Recorded data
=== Section Start ===

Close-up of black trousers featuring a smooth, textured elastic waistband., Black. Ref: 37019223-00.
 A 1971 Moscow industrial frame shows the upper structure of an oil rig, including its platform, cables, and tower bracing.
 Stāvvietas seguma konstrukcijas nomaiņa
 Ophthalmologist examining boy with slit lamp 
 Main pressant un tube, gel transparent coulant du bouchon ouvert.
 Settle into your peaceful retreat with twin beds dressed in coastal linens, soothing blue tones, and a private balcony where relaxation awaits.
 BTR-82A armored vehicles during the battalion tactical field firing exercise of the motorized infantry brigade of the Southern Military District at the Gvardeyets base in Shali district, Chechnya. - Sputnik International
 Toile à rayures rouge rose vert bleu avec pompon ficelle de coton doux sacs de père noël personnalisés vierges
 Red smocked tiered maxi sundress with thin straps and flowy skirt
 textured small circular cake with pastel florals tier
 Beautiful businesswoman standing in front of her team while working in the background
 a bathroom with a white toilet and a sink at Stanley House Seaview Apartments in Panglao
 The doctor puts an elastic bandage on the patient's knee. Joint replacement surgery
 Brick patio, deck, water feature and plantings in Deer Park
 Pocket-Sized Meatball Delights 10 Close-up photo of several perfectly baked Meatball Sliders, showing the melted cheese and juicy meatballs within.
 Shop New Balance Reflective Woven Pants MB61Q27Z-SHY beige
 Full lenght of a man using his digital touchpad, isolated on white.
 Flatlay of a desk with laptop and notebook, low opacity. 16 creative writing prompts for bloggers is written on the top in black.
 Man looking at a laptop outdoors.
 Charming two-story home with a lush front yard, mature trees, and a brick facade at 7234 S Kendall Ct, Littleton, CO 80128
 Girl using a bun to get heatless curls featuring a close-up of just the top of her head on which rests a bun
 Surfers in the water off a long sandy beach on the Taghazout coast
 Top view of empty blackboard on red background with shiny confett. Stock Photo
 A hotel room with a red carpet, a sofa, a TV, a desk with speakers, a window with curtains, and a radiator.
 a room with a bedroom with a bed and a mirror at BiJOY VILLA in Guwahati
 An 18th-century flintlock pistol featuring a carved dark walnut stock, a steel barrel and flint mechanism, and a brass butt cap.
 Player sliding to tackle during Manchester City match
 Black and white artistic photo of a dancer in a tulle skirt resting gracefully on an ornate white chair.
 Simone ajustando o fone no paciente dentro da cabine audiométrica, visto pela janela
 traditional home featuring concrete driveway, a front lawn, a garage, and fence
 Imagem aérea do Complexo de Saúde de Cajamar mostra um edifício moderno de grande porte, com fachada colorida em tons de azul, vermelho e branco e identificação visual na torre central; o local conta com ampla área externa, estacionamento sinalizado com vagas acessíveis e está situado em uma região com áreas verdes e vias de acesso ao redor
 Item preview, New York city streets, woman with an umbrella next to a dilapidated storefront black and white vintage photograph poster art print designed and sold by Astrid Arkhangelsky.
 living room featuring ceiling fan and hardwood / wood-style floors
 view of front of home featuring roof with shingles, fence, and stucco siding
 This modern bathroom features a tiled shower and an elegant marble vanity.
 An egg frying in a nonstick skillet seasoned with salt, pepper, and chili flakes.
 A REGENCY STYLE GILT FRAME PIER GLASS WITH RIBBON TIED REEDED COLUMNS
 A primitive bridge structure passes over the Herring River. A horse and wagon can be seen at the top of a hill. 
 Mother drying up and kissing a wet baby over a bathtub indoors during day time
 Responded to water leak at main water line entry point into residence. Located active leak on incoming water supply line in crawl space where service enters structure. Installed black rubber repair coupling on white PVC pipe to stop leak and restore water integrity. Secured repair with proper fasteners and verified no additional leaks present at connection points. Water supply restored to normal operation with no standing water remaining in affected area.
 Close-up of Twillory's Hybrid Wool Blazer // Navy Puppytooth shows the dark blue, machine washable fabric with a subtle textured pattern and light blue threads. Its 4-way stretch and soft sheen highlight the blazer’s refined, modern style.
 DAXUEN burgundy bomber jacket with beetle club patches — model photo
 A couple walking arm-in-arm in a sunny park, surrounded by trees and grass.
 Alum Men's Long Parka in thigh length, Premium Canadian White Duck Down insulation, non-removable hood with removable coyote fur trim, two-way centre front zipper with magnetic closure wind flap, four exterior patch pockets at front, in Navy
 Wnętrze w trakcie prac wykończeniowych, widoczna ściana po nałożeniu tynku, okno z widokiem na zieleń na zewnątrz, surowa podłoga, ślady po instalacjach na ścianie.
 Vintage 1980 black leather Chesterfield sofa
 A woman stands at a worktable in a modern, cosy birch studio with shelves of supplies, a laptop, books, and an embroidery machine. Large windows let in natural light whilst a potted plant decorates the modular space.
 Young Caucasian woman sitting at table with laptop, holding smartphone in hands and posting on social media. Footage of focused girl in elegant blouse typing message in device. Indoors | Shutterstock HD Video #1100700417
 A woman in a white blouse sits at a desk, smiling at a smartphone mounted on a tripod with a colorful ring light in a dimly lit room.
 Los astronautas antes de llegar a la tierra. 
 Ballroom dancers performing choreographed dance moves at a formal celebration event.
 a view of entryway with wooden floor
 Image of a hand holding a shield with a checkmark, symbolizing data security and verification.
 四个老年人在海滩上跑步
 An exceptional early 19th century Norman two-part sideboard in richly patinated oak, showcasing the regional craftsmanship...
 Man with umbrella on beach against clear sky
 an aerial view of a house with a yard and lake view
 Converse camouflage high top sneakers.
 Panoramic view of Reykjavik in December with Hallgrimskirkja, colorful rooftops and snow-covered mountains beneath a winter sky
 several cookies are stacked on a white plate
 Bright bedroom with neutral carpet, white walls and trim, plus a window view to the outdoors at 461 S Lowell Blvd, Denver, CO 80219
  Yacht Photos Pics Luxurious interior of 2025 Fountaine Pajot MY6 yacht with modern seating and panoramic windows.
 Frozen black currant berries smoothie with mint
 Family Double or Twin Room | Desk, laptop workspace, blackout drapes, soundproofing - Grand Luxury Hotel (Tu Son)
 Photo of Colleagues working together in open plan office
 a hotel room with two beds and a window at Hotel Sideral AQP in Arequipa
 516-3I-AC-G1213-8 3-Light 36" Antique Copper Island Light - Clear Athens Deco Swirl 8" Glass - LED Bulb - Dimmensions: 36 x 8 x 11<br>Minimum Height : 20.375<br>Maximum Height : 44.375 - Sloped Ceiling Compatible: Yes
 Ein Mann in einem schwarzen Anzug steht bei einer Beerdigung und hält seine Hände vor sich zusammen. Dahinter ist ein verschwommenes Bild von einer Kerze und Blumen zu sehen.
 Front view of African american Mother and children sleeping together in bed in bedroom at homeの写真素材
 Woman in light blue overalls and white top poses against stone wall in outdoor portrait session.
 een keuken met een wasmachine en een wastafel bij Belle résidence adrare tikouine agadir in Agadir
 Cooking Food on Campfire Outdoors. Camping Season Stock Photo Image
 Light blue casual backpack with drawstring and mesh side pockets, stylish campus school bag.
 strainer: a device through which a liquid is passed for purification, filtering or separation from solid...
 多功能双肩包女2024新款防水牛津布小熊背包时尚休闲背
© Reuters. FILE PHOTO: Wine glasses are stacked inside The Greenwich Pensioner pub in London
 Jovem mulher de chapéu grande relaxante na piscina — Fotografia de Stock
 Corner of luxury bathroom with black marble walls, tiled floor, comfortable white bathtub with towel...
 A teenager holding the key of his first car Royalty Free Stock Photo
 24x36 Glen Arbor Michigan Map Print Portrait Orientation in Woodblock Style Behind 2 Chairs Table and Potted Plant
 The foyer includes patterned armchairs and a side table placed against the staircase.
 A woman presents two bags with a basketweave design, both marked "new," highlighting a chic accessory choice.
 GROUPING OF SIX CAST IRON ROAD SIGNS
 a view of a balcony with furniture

=== Section End ===

Exercise prompt
What is needed here is an exact copy of all the records above.

Answer to this exercise
Close-up of black trousers featuring a smooth, textured elastic waistband., Black. Ref: 37019223-00.
 A 1971 Moscow industrial frame shows the upper structure of an oil rig, including its platform, cables, and tower bracing.
 Stāvvietas seguma konstrukcijas nomaiņa
 Ophthalmologist examining boy with slit lamp 
 Main pressant un tube, gel transparent coulant du bouchon ouvert.
 Settle into your peaceful retreat with twin beds dressed in coastal linens, soothing blue tones, and a private balcony where relaxation awaits.
 BTR-82A armored vehicles during the battalion tactical field firing exercise of the motorized infantry brigade of the Southern Military District at the Gvardeyets base in Shali district, Chechnya. - Sputnik International
 Toile à rayures rouge rose vert bleu avec pompon ficelle de coton doux sacs de père noël personnalisés vierges
 Red smocked tiered maxi sundress with thin straps and flowy skirt
 textured small circular cake with pastel florals tier
 Beautiful businesswoman standing in front of her team while working in the background
 a bathroom with a white toilet and a sink at Stanley House Seaview Apartments in Panglao
 The doctor puts an elastic bandage on the patient's knee. Joint replacement surgery
 Brick patio, deck, water feature and plantings in Deer Park
 Pocket-Sized Meatball Delights 10 Close-up photo of several perfectly baked Meatball Sliders, showing the melted cheese and juicy meatballs within.
 Shop New Balance Reflective Woven Pants MB61Q27Z-SHY beige
 Full lenght of a man using his digital touchpad, isolated on white.
 Flatlay of a desk with laptop and notebook, low opacity. 16 creative writing prompts for bloggers is written on the top in black.
 Man looking at a laptop outdoors.
 Charming two-story home with a lush front yard, mature trees, and a brick facade at 7234 S Kendall Ct, Littleton, CO 80128
 Girl using a bun to get heatless curls featuring a close-up of just the top of her head on which rests a bun
 Surfers in the water off a long sandy beach on the Taghazout coast
 Top view of empty blackboard on red background with shiny confett. Stock Photo
 A hotel room with a red carpet, a sofa, a TV, a desk with speakers, a window with curtains, and a radiator.
 a room with a bedroom with a bed and a mirror at BiJOY VILLA in Guwahati
 An 18th-century flintlock pistol featuring a carved dark walnut stock, a steel barrel and flint mechanism, and a brass butt cap.
 Player sliding to tackle during Manchester City match
 Black and white artistic photo of a dancer in a tulle skirt resting gracefully on an ornate white chair.
 Simone ajustando o fone no paciente dentro da cabine audiométrica, visto pela janela
 traditional home featuring concrete driveway, a front lawn, a garage, and fence
 Imagem aérea do Complexo de Saúde de Cajamar mostra um edifício moderno de grande porte, com fachada colorida em tons de azul, vermelho e branco e identificação visual na torre central; o local conta com ampla área externa, estacionamento sinalizado com vagas acessíveis e está situado em uma região com áreas verdes e vias de acesso ao redor
 Item preview, New York city streets, woman with an umbrella next to a dilapidated storefront black and white vintage photograph poster art print designed and sold by Astrid Arkhangelsky.
 living room featuring ceiling fan and hardwood / wood-style floors
 view of front of home featuring roof with shingles, fence, and stucco siding
 This modern bathroom features a tiled shower and an elegant marble vanity.
 An egg frying in a nonstick skillet seasoned with salt, pepper, and chili flakes.
 A REGENCY STYLE GILT FRAME PIER GLASS WITH RIBBON TIED REEDED COLUMNS
 A primitive bridge structure passes over the Herring River. A horse and wagon can be seen at the top of a hill. 
 Mother drying up and kissing a wet baby over a bathtub indoors during day time
 Responded to water leak at main water line entry point into residence. Located active leak on incoming water supply line in crawl space where service enters structure. Installed black rubber repair coupling on white PVC pipe to stop leak and restore water integrity. Secured repair with proper fasteners and verified no additional leaks present at connection points. Water supply restored to normal operation with no standing water remaining in affected area.
 Close-up of Twillory's Hybrid Wool Blazer // Navy Puppytooth shows the dark blue, machine washable fabric with a subtle textured pattern and light blue threads. Its 4-way stretch and soft sheen highlight the blazer’s refined, modern style.
 DAXUEN burgundy bomber jacket with beetle club patches — model photo
 A couple walking arm-in-arm in a sunny park, surrounded by trees and grass.
 Alum Men's Long Parka in thigh length, Premium Canadian White Duck Down insulation, non-removable hood with removable coyote fur trim, two-way centre front zipper with magnetic closure wind flap, four exterior patch pockets at front, in Navy
 Wnętrze w trakcie prac wykończeniowych, widoczna ściana po nałożeniu tynku, okno z widokiem na zieleń na zewnątrz, surowa podłoga, ślady po instalacjach na ścianie.
 Vintage 1980 black leather Chesterfield sofa
 A woman stands at a worktable in a modern, cosy birch studio with shelves of supplies, a laptop, books, and an embroidery machine. Large windows let in natural light whilst a potted plant decorates the modular space.
 Young Caucasian woman sitting at table with laptop, holding smartphone in hands and posting on social media. Footage of focused girl in elegant blouse typing message in device. Indoors | Shutterstock HD Video #1100700417
 A woman in a white blouse sits at a desk, smiling at a smartphone mounted on a tripod with a colorful ring light in a dimly lit room.
 Los astronautas antes de llegar a la tierra. 
 Ballroom dancers performing choreographed dance moves at a formal celebration event.
 a view of entryway with wooden floor
 Image of a hand holding a shield with a checkmark, symbolizing data security and verification.
 四个老年人在海滩上跑步
 An exceptional early 19th century Norman two-part sideboard in richly patinated oak, showcasing the regional craftsmanship...
 Man with umbrella on beach against clear sky
 an aerial view of a house with a yard and lake view
 Converse camouflage high top sneakers.
 Panoramic view of Reykjavik in December with Hallgrimskirkja, colorful rooftops and snow-covered mountains beneath a winter sky
 several cookies are stacked on a white plate
 Bright bedroom with neutral carpet, white walls and trim, plus a window view to the outdoors at 461 S Lowell Blvd, Denver, CO 80219
  Yacht Photos Pics Luxurious interior of 2025 Fountaine Pajot MY6 yacht with modern seating and panoramic windows.
 Frozen black currant berries smoothie with mint
 Family Double or Twin Room | Desk, laptop workspace, blackout drapes, soundproofing - Grand Luxury Hotel (Tu Son)
 Photo of Colleagues working together in open plan office
 a hotel room with two beds and a window at Hotel Sideral AQP in Arequipa
 516-3I-AC-G1213-8 3-Light 36" Antique Copper Island Light - Clear Athens Deco Swirl 8" Glass - LED Bulb - Dimmensions: 36 x 8 x 11<br>Minimum Height : 20.375<br>Maximum Height : 44.375 - Sloped Ceiling Compatible: Yes
 Ein Mann in einem schwarzen Anzug steht bei einer Beerdigung und hält seine Hände vor sich zusammen. Dahinter ist ein verschwommenes Bild von einer Kerze und Blumen zu sehen.
 Front view of African american Mother and children sleeping together in bed in bedroom at homeの写真素材
 Woman in light blue overalls and white top poses against stone wall in outdoor portrait session.
 een keuken met een wasmachine en een wastafel bij Belle résidence adrare tikouine agadir in Agadir
 Cooking Food on Campfire Outdoors. Camping Season Stock Photo Image
 Light blue casual backpack with drawstring and mesh side pockets, stylish campus school bag.
 strainer: a device through which a liquid is passed for purification, filtering or separation from solid...
 多功能双肩包女2024新款防水牛津布小熊背包时尚休闲背
© Reuters. FILE PHOTO: Wine glasses are stacked inside The Greenwich Pensioner pub in London
 Jovem mulher de chapéu grande relaxante na piscina — Fotografia de Stock
 Corner of luxury bathroom with black marble walls, tiled floor, comfortable white bathtub with towel...
 A teenager holding the key of his first car Royalty Free Stock Photo
 24x36 Glen Arbor Michigan Map Print Portrait Orientation in Woodblock Style Behind 2 Chairs Table and Potted Plant
 The foyer includes patterned armchairs and a side table placed against the staircase.
 A woman presents two bags with a basketweave design, both marked "new," highlighting a chic accessory choice.
 GROUPING OF SIX CAST IRON ROAD SIGNS
 a view of a balcony with furniture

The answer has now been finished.